■ Exercise requirements
An exact reproduction is needed of every line from the beginning of the data down to and including the line that contains "Elegant gold titanium", minus the pictures.

■ Data section
******************************

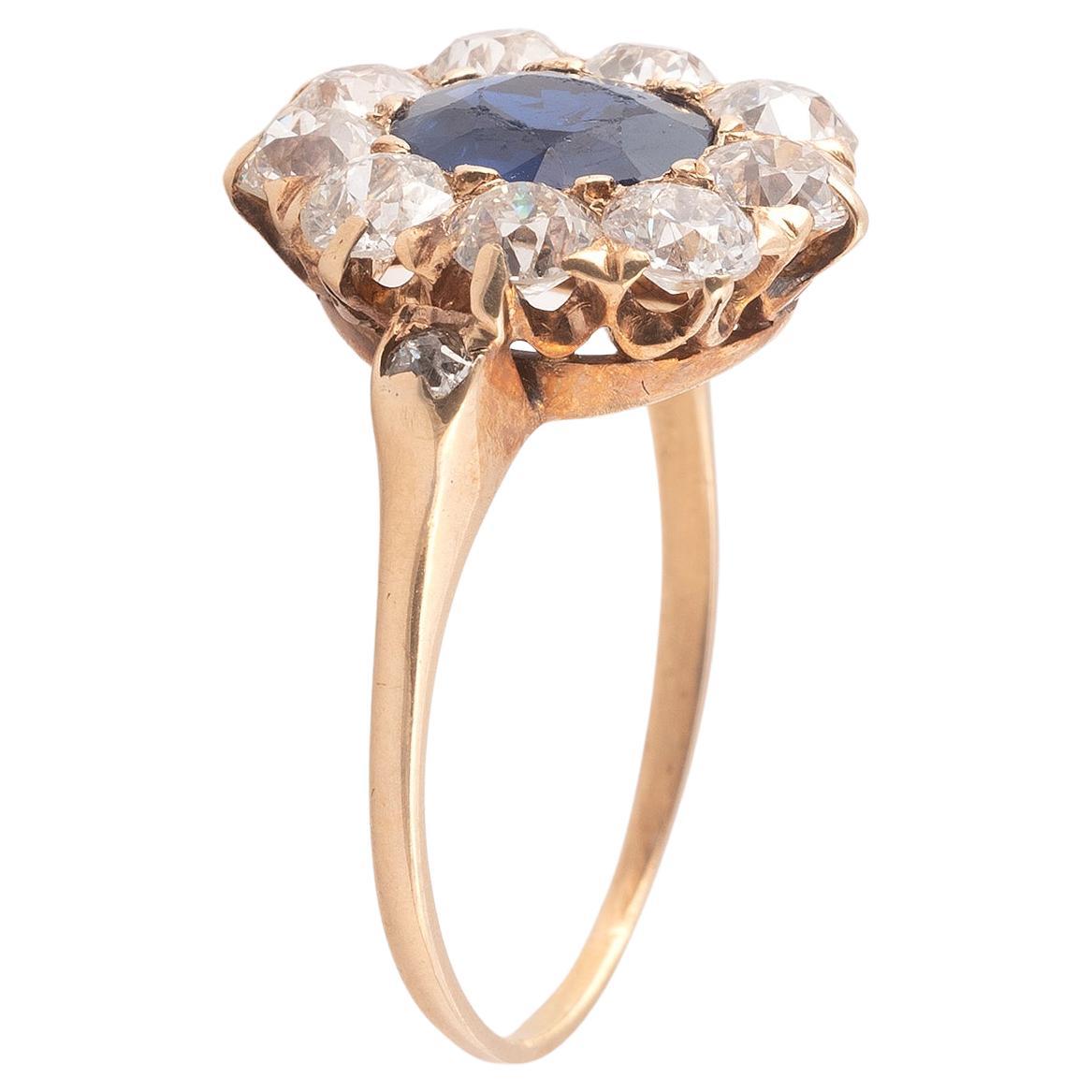 The circular-cut sapphire approx 1.20cts, within a surround of cushion and old brilliant-cut diamonds, diamonds approx 1.26cts total, ring size approx 6 1/2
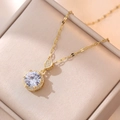 Elegant gold titanium necklace featuring a large round green emerald gemstone pendant - Gold/White Zirconia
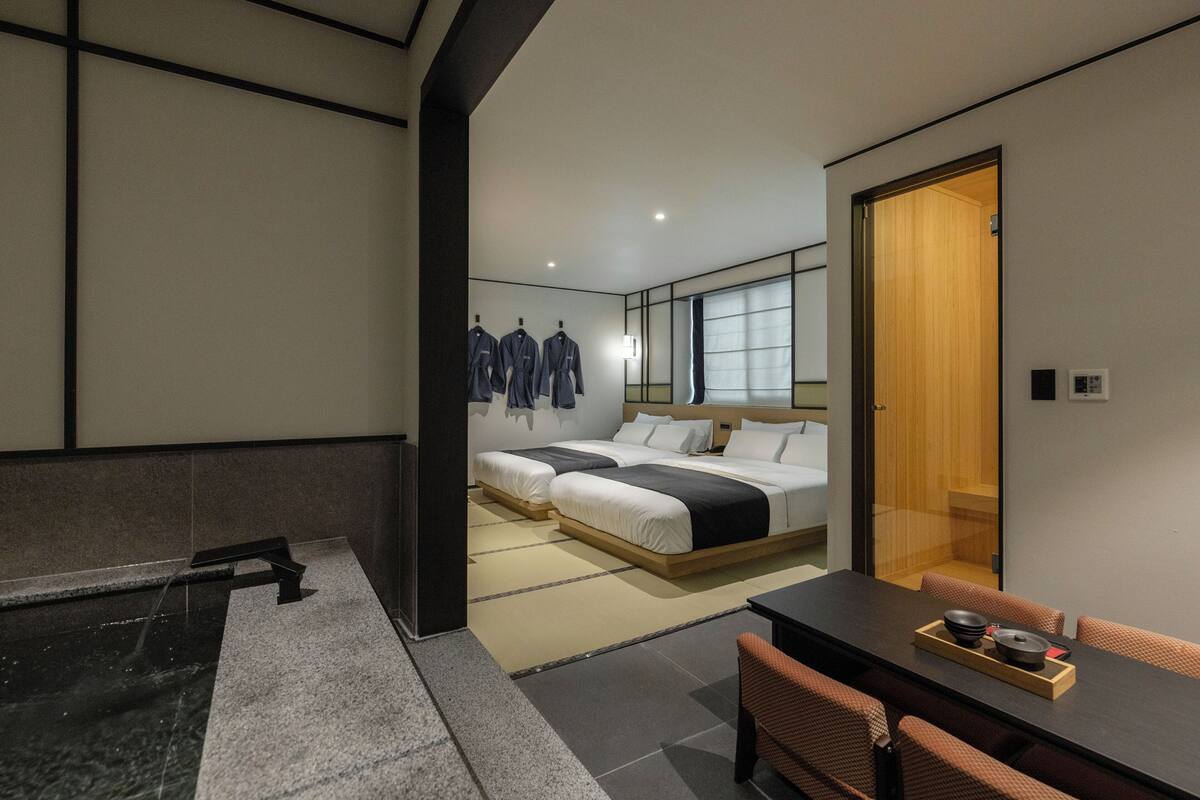 Quarto de hotel moderno com uma cama, uma mesinha com bandeja, um espaço de estar e vista para outro quarto com janela.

******************************

■ Answer section
 The circular-cut sapphire approx 1.20cts, within a surround of cushion and old brilliant-cut diamonds, diamonds approx 1.26cts total, ring size approx 6 1/2
 Elegant gold titanium necklace featuring a large round green emerald gemstone pendant - Gold/White Zirconia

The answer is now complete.